Data for this task ▸
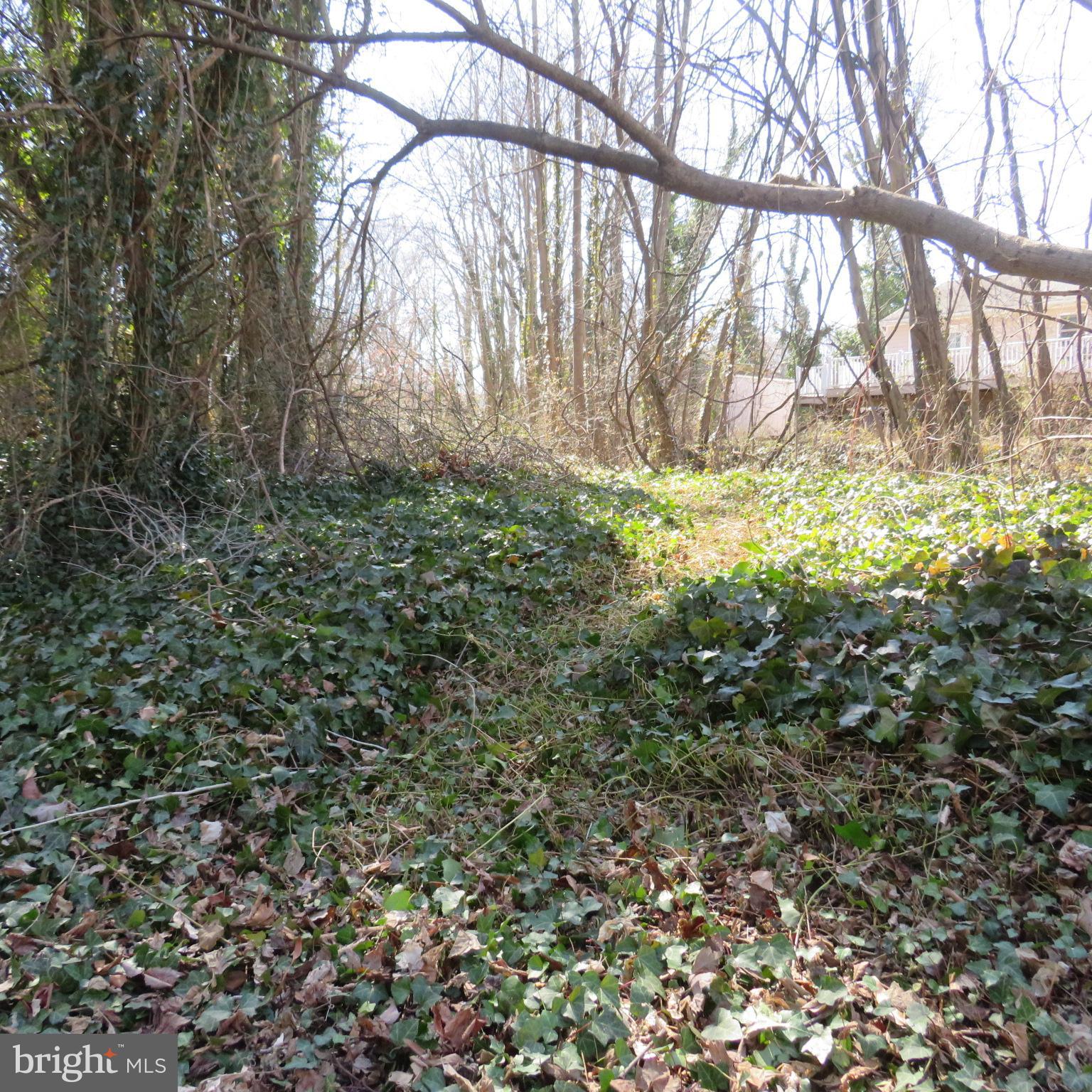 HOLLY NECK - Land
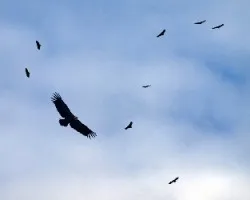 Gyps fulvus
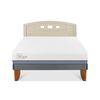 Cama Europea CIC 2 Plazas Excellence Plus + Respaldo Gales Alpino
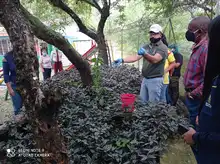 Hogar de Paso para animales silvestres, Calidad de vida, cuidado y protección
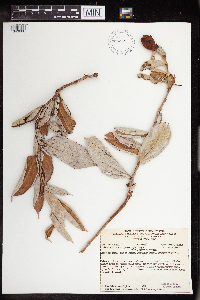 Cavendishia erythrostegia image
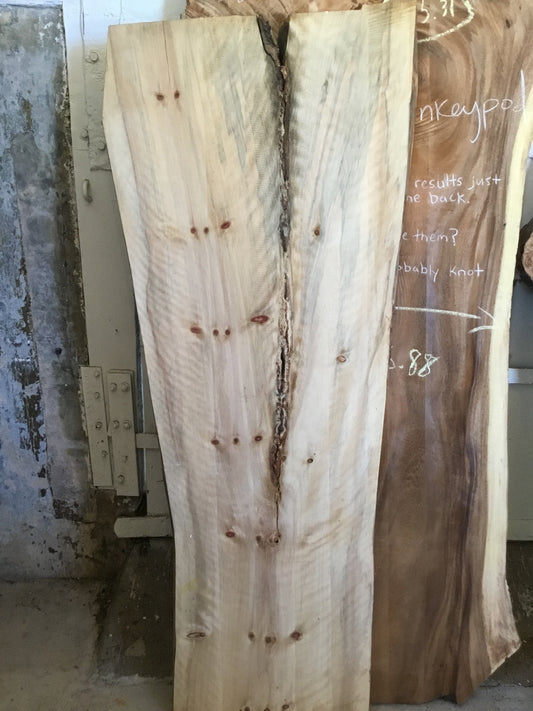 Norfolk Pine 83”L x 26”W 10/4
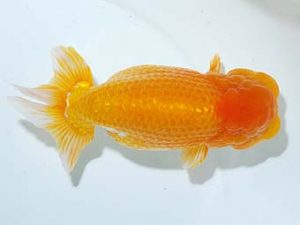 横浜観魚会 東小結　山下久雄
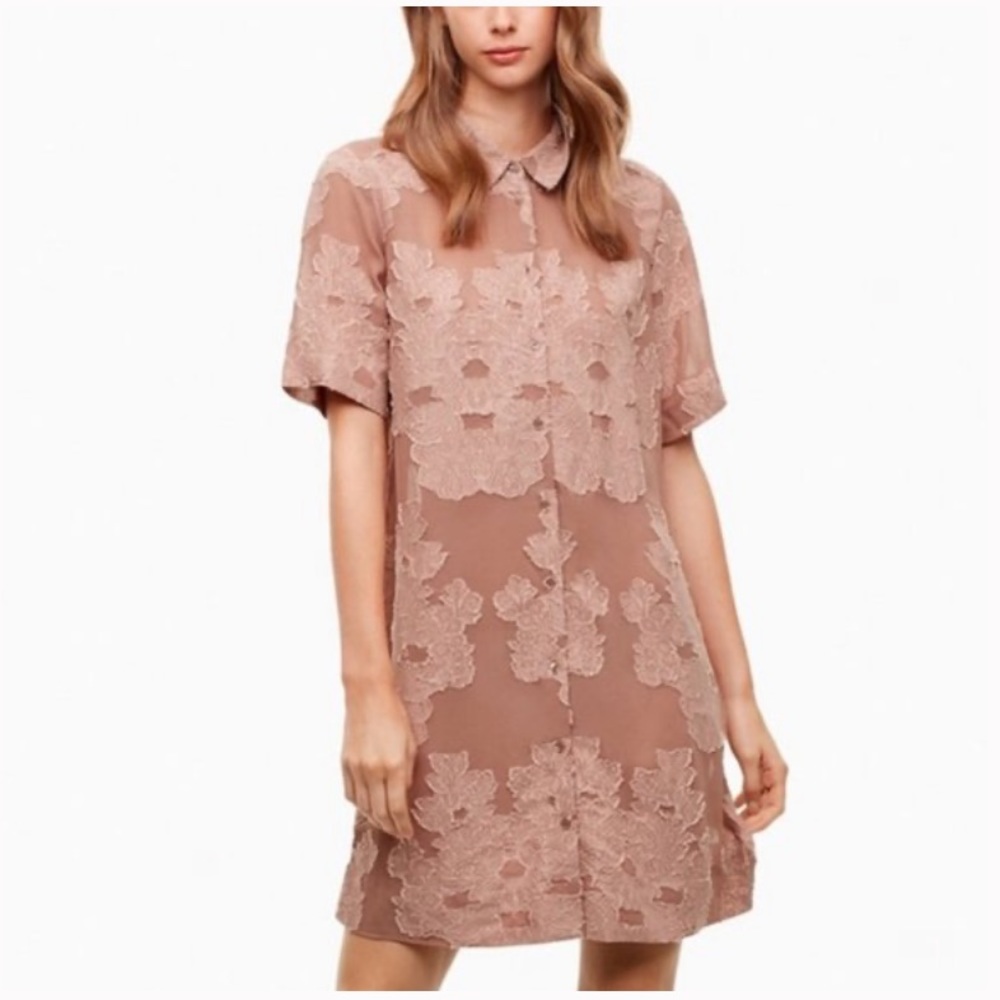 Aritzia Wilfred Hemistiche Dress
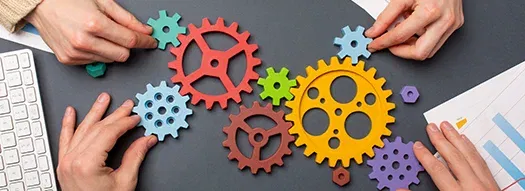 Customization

Work order ▸ The pictures in the entries should be left out; output everything else exactly.

Result ▸
 HOLLY NECK - Land
 Gyps fulvus
 Cama Europea CIC 2 Plazas Excellence Plus + Respaldo Gales Alpino
 Hogar de Paso para animales silvestres, Calidad de vida, cuidado y protección
 Cavendishia erythrostegia image
 Norfolk Pine 83”L x 26”W 10/4
 横浜観魚会 東小結　山下久雄
 Aritzia Wilfred Hemistiche Dress
 Customization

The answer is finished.